§ **ASSIGNMENT**
The full listing, word for word and free of images, is the expected result.

RECORDS SHOWN Start Marker

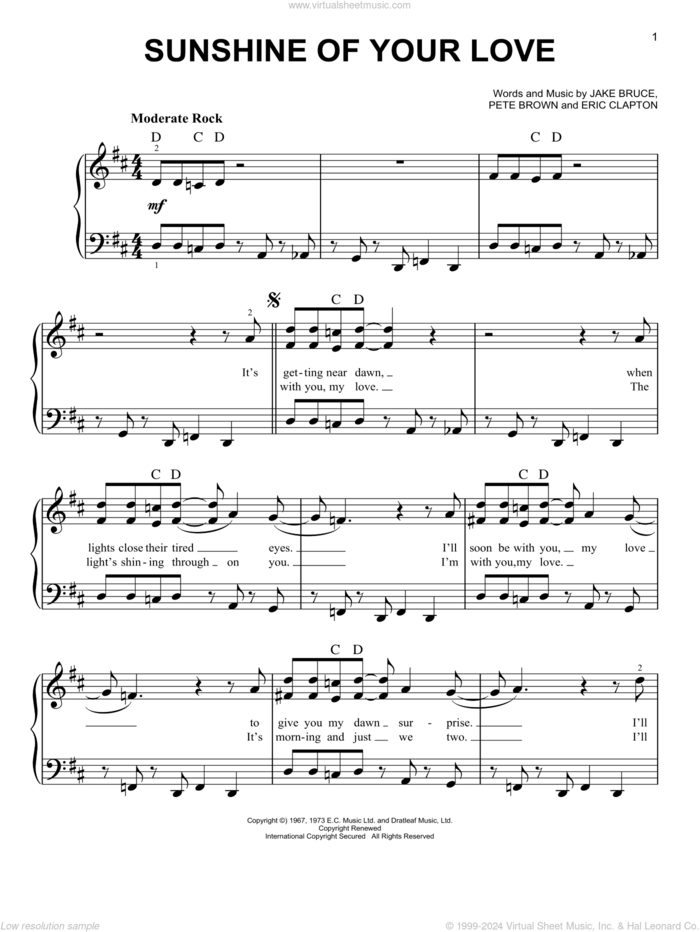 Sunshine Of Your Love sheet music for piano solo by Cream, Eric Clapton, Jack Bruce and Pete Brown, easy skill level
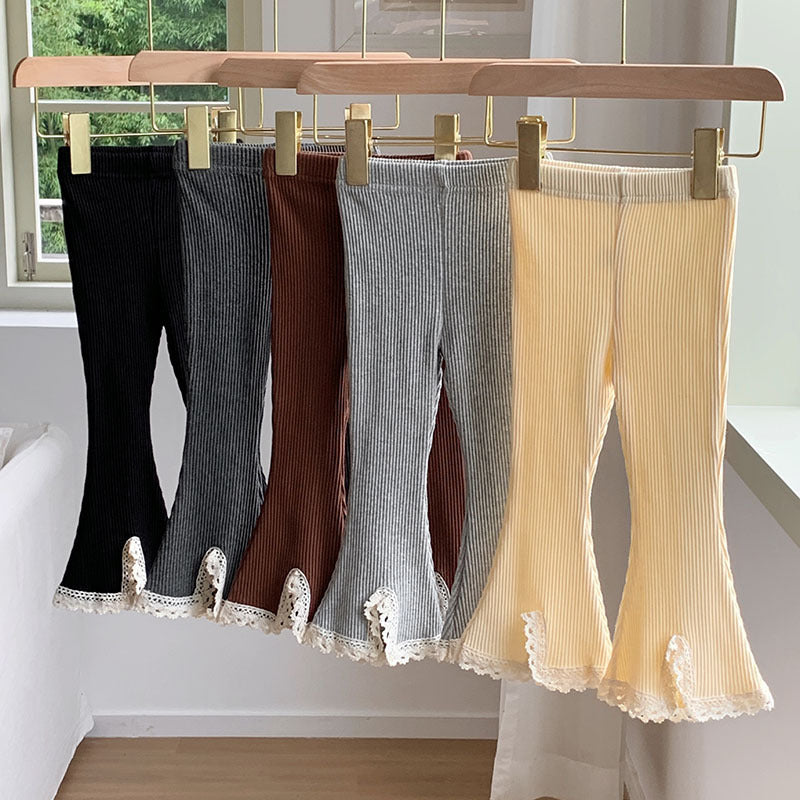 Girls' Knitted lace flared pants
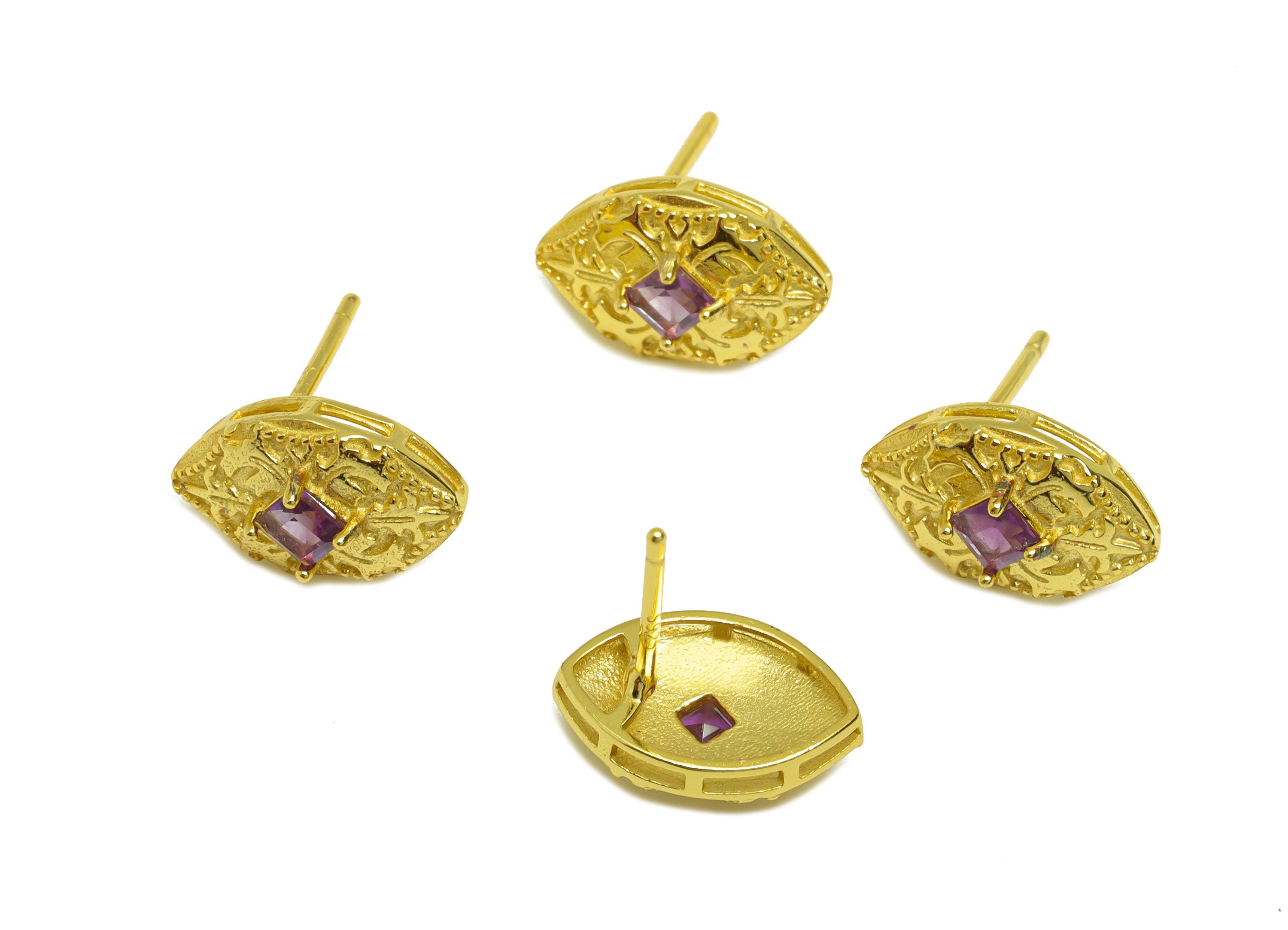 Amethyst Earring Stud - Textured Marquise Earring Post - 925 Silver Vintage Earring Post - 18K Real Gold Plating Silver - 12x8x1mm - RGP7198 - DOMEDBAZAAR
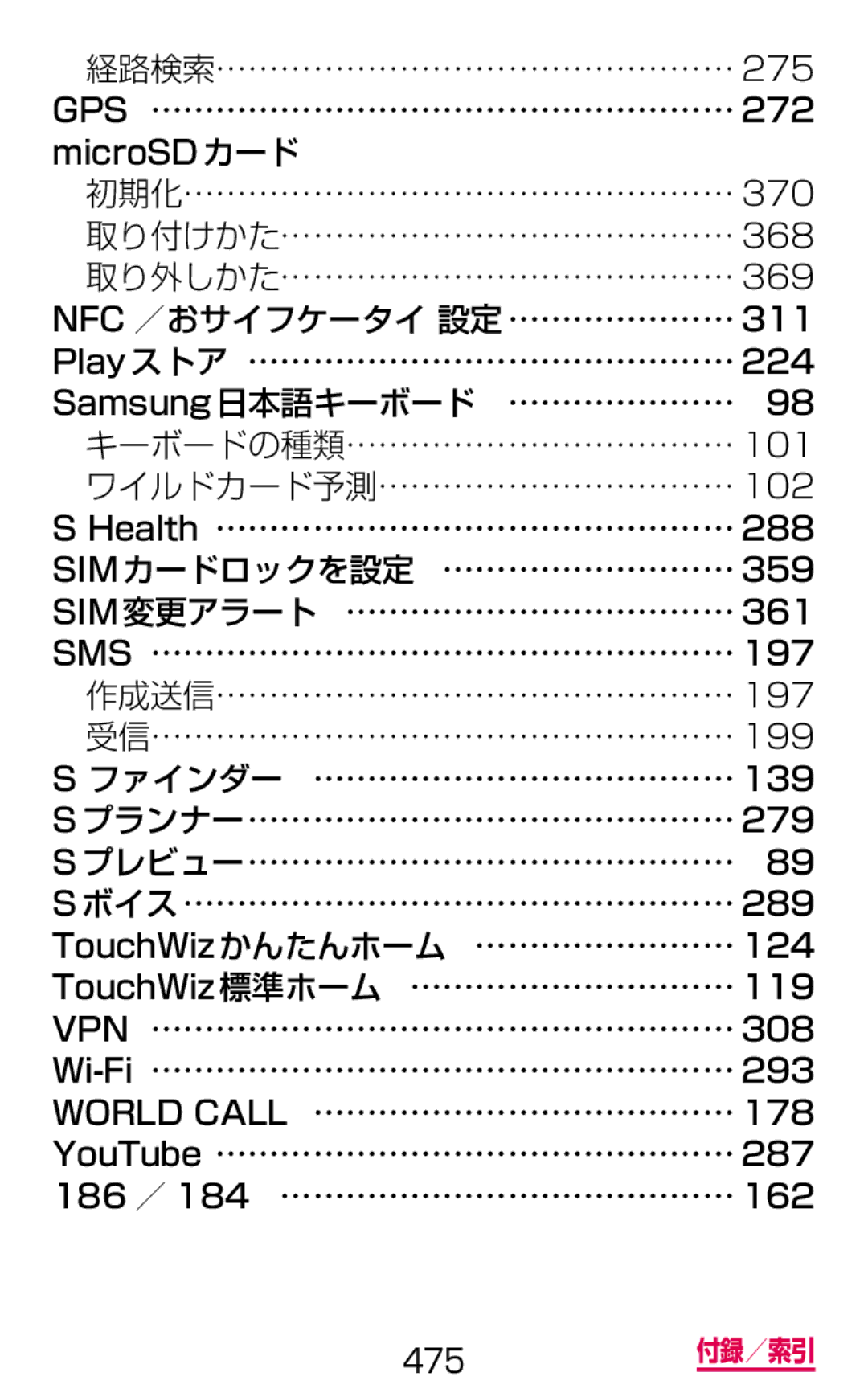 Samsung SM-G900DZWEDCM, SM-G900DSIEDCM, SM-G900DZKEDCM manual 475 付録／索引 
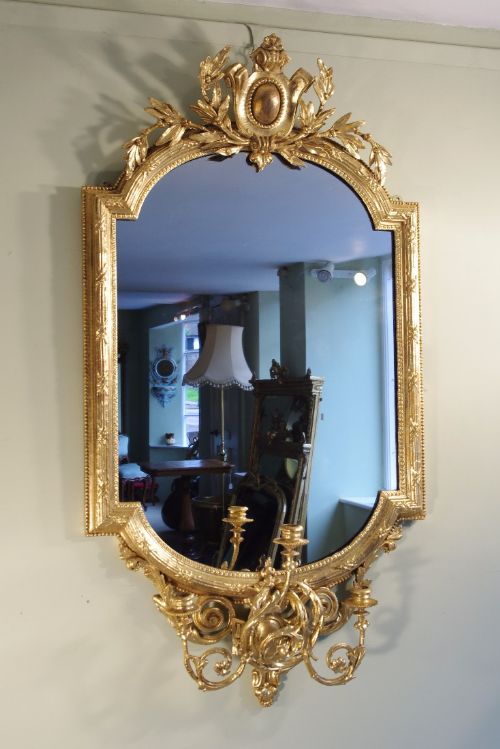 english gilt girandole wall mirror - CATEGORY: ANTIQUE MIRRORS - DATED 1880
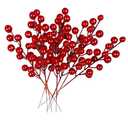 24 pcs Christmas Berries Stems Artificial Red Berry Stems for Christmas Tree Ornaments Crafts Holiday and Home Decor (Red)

RECORDS SHOWN End Marker

§ **RESPONSE AREA**
 Sunshine Of Your Love sheet music for piano solo by Cream, Eric Clapton, Jack Bruce and Pete Brown, easy skill level
 Girls' Knitted lace flared pants
 Amethyst Earring Stud - Textured Marquise Earring Post - 925 Silver Vintage Earring Post - 18K Real Gold Plating Silver - 12x8x1mm - RGP7198 - DOMEDBAZAAR
 Samsung SM-G900DZWEDCM, SM-G900DSIEDCM, SM-G900DZKEDCM manual 475 付録／索引 
 english gilt girandole wall mirror - CATEGORY: ANTIQUE MIRRORS - DATED 1880
 24 pcs Christmas Berries Stems Artificial Red Berry Stems for Christmas Tree Ornaments Crafts Holiday and Home Decor (Red)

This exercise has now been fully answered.